Basically humans are really really good at guesstimating with great accuracy (but poor reproducibility) and since we don't use basic measurements in the first place, having better measurement accuracy wouldn't really help us be better drivers on average (it does help for certain scenarios like parking though, where knowing the # of inches remaining to an obstacle can be very useful).
But for everyday driving at speed, we wouldn't even be able to process measurements in real time even if someone was providing them to us. AVs are different and that's basically the gist of what I was trying to say. Because they actually do use, rely on, and process measurements in real time, improving their measurement accuracy (ie. switching from camera based approximate depth, to cm level accurate depth from a LiDAR) can have a meaningful impact on the final performance of the system.
I broadly agree with your second point, about vision-only presenting big computational challenges. I think you do get some easy wins that bring down the challenge a bit - e.g. you don’t need to model human brains, you just need to model whatever the brain is doing when it’s driving; also the fact that we can teach people to drive without understanding what their brain is doing is a reassurance that we can teach a neural network to drive without understanding what it is doing either, so it frees us from (some) of the modeling of thought processes as well. But it is still a big computational challenge. I heard that Tesla has a server farm with thousands of Nvidia A100s, if true, that could make a dent in the problem for sure.

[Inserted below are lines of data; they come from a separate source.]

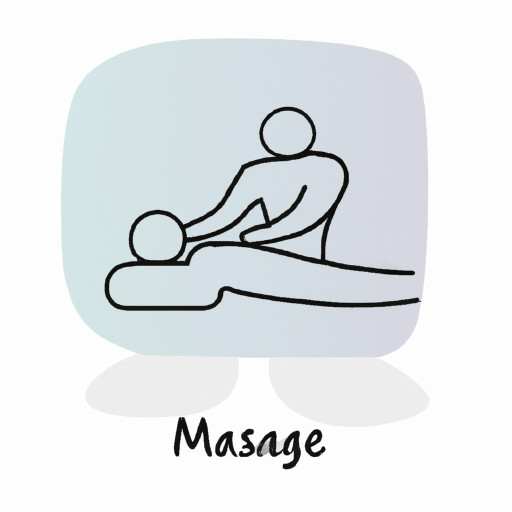 relaxation massage
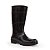 BOTA PVC PT/AM CANO ALTO CA 39184 WORKFLEX - Imagem 1
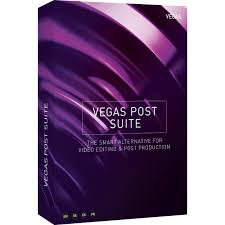 Creative tools, integration with other adobe smart tools. Magix Vegas Post Suite Download Anr009943esd B H Photo Video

And yeah, I also wouldn’t say vision is the be-all and end-all when it comes to driving. (It’s a pity that we can’t easily integrate LiDAR, radar, and other sensors into the human brain so we could use them like we do sight and sound in order to drive better.)
My point is more that roads come in all shapes and types and sizes, but one consistent thing about them is that they’re all designed so that humans can use vision to drive on them. Like, you don’t know if future roads/signs/cars will be built in ways that are hard to read with LiDAR, but you can be pretty confident they won’t be built to be hard to see. Road builders, car makers - everyone else involved in the driving industry is designing for vision. It’s implicit, and it’s aimed at human vision, but it’s one of the few universal constraints on driving.
That’s what I mean when I say it’s a standards-based argument, that vision is sort of a “universal interface” for roads. Another “universal interface” for roads might be wheels (with traction), or more specifically tires. You don’t need to have rubber tires, or even wheels at all, to drive on roads - but if you do have tires, you can pretty confident that you can drive on pretty much any road you come across.